O Globo
Direita quer conseguir a adesão dos Estados
Unidos para o combate ao que chamam de “narcoterrorismo”.
A insistência da direita em classificar de “terrorismo” as ações do crime organizado no país tem seu lado eleitoreiro, mas inclui também uma visão estratégica que parece inteligente até que seja revelada estúpida. Trata-se de conseguir a adesão dos Estados Unidos para o combate ao que chamam de “narcoterrorismo”. É o mesmo que pretendiam com os militares, em nível interno, com a decretação da Garantia da Lei e da Ordem (GLO) depois da baderna golpista de janeiro de 2023 na Praça dos Três Poderes, em Brasília.

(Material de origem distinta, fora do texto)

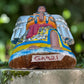 Angled view of Milagros Angel showing her charms and wings.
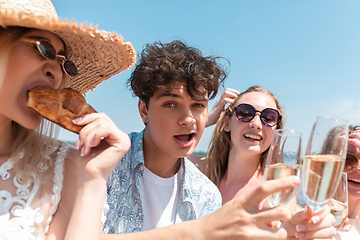 Image showing Seasonal feast at beach resort. Group of friends celebrating, resting, having fun on the beach in sunny summer day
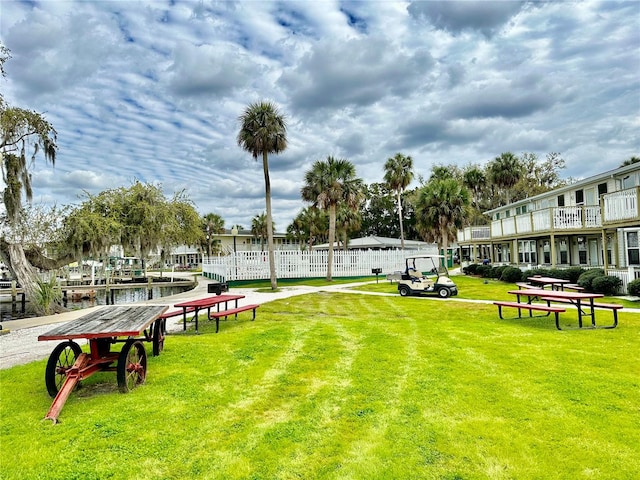 view of home's community with a lawn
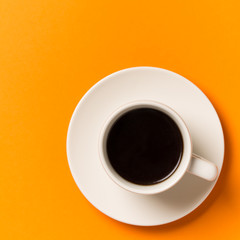 A cup of coffee isolated on orange . Top view.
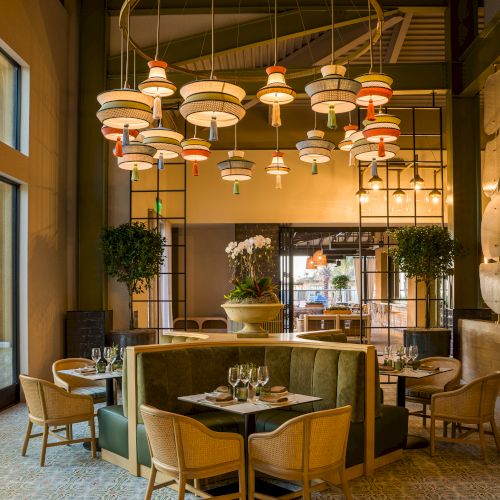 Luxurious dining area with round chandeliers, green booths, wooden chairs, set tables, and potted plants creating an elegant, cozy restaurant vibe.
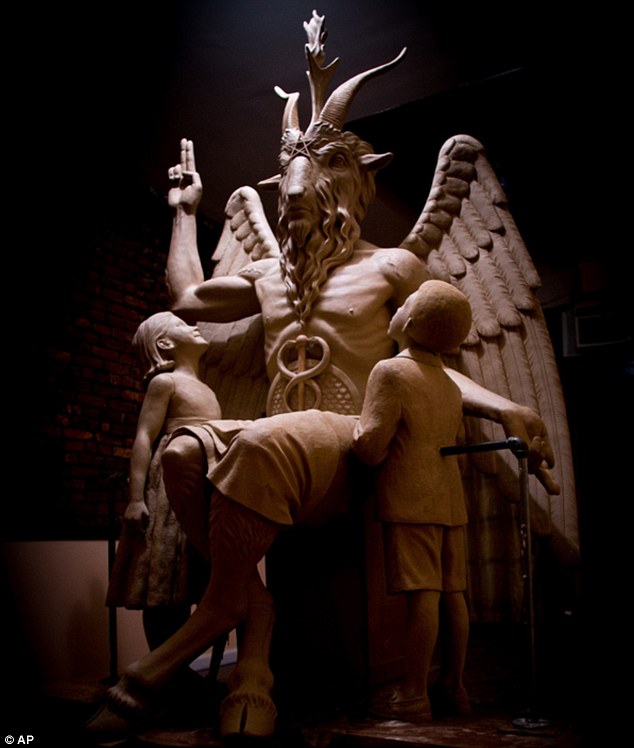 2ADE2F8500000578-0-This_photo_shows_the_bronze_monument_featuring_Satan_with_horns_-m-29_1437954789549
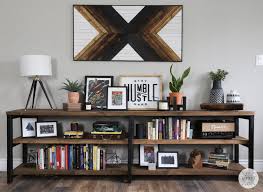 With the shelves in place, add finish nails through the outside of the unit to hold the shelves in place (image 3). Diy Metal Wood Bookshelf Diy Huntress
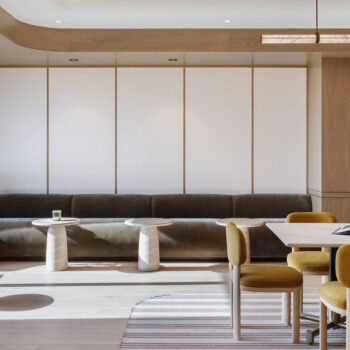 Sleek, minimalist co-working suite featuring velvet ochre chairs around a white marble table, a long low-profile olive green banquette against the back wall, and soft overhead linear lighting.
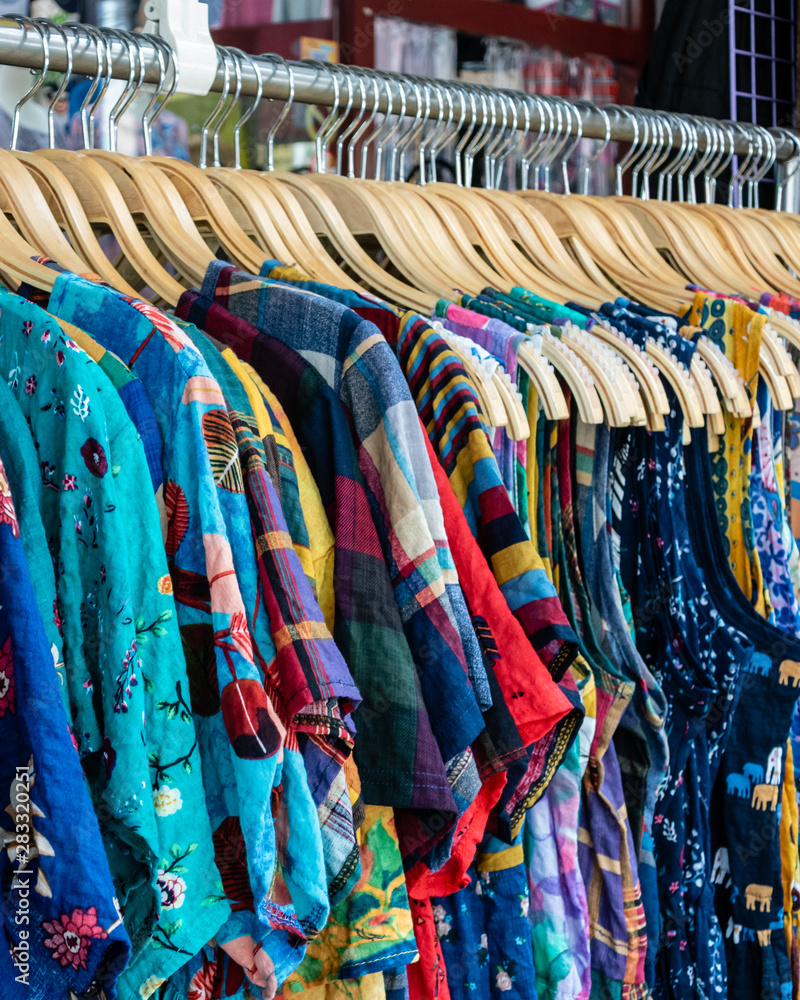 Wall mural colorful row of clothes on hangers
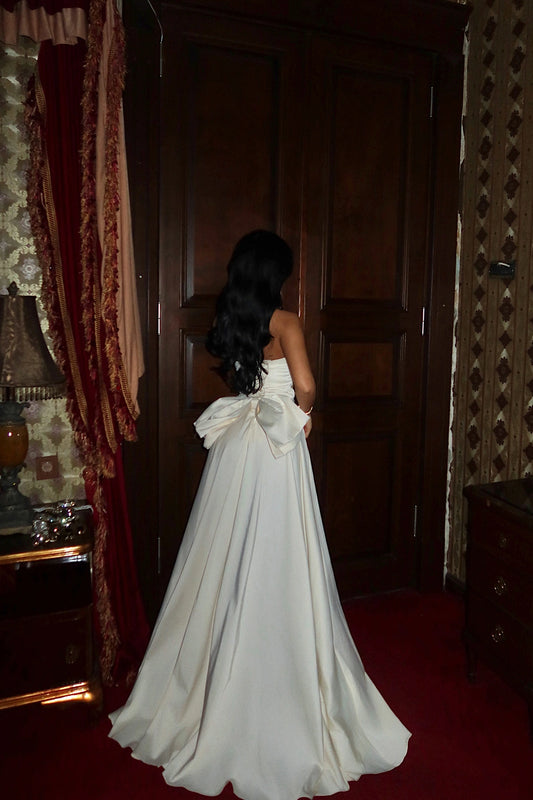 Beige Lilou bow detail evening dress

Ou com a atuação de Eduardo Bolsonaro nos Estados Unidos, que culminou com o tarifaço contra a economia brasileira, em busca da proteção a Bolsonaro por Trump, como queriam.
Procuram brechas legais para justificar uma
intervenção que, imaginam, os beneficiaria. Se não fosse assim, o que o
governador do Rio, Cláudio Castro, ganha em insinuar ajuda do governo americano
no combate às drogas? O exemplo que dão é a Colômbia, mas, naquele caso, houve
um acordo oficial entre os governos dos Estados Unidos e da Colômbia, e havia
explicação técnica para a intervenção americana. As Farc, grupo terrorista que
atuava naquele país, se financiava com o dinheiro do tráfico de drogas, num
movimento de retroalimentação que juntava o terror com o tráfico.
Embora as facções criminosas brasileiras
tenham nascido de uma estranha combinação aleatória entre guerrilheiros
políticos brasileiros presos na Ilha Grande e traficantes, as táticas
eventualmente aprendidas e a organização da ação foram o que restou da
influência política, e um lema populista “Paz, justiça e liberdade”, em desuso
há muito tempo. Não há nenhum vínculo político, religioso, dogmático que
justifique a ação de nossos pretensos terroristas, a não ser ganhar dinheiro
com atividades ilegais, sejam elas quais forem: drogas de vários tipos, jogos
de azar, “gatonet”, construções ilegais e assim por diante.
A questão da segurança pública já deveria ser
tratada como prioritária há muito tempo — e não foi por estratégias políticas
rasas. Vários governos, de esquerda ou direita, passaram pelo problema e
fingiram que não era com eles. Jogaram para cima dos governos estaduais,
alegando que assim cumpriam a Constituição. Mas não queriam mesmo é estar
próximos de um possível fracasso no combate ao crime organizado. Perdemos, com
isso, um tempo enorme. Não fizemos uma legislação adequada, permitimos que as
facções criminosas se fortalecessem e se espalhassem pelo país, dominando
territórios; não punimos rigorosamente os envolvidos no tráfico de drogas, de
armamentos; deixamos que eles se infiltrassem na política, no Judiciário e em
órgãos públicos.
Agora, temos de tentar recuperar o atraso,
com uma ação muito mais ampla do que simplesmente invadir comunidades. No
Complexo do Alemão, vimos a cena histórica dos traficantes fugindo, e a polícia
colocando uma bandeira nacional. Em todos os locais, os bandidos voltaram,
continuam dominado os mesmos territórios.
Temos de fazer uma reformulação completa na
legislação criminal. Não pode haver progressão de regime penal para criminoso
perigoso envolvido em ações letais; o tratamento com os criminosos precisa ter
proporção. Perdemos tempo com uma política de complacência com o crime,
atribuindo tudo à injustiça da sociedade brasileira — o que é verdade, a
desigualdade prejudica a cidadania e faz com que algumas pessoas procurem um
caminho aparentemente mais fácil para subir na vida.
Mas não é matando que se resolve, embora
confrontos armados sejam inevitáveis. Resolve-se com legislação rigorosa, ação
de inteligência, informação sobre quem financia os crimes, exemplos vindos de
cima, prisão dos financiadores. Tem havido alguns avanços recentemente, mas as
ações precisam ser coordenadas. Os governadores fazem politicagem quando
rejeitam a coordenação do governo federal. Alguém tem de coordenar. Afinal
descobrimos que deixamos o problema se tornar muito maior no país todo — e
teremos de atuar mais rigorosa e organizadamente.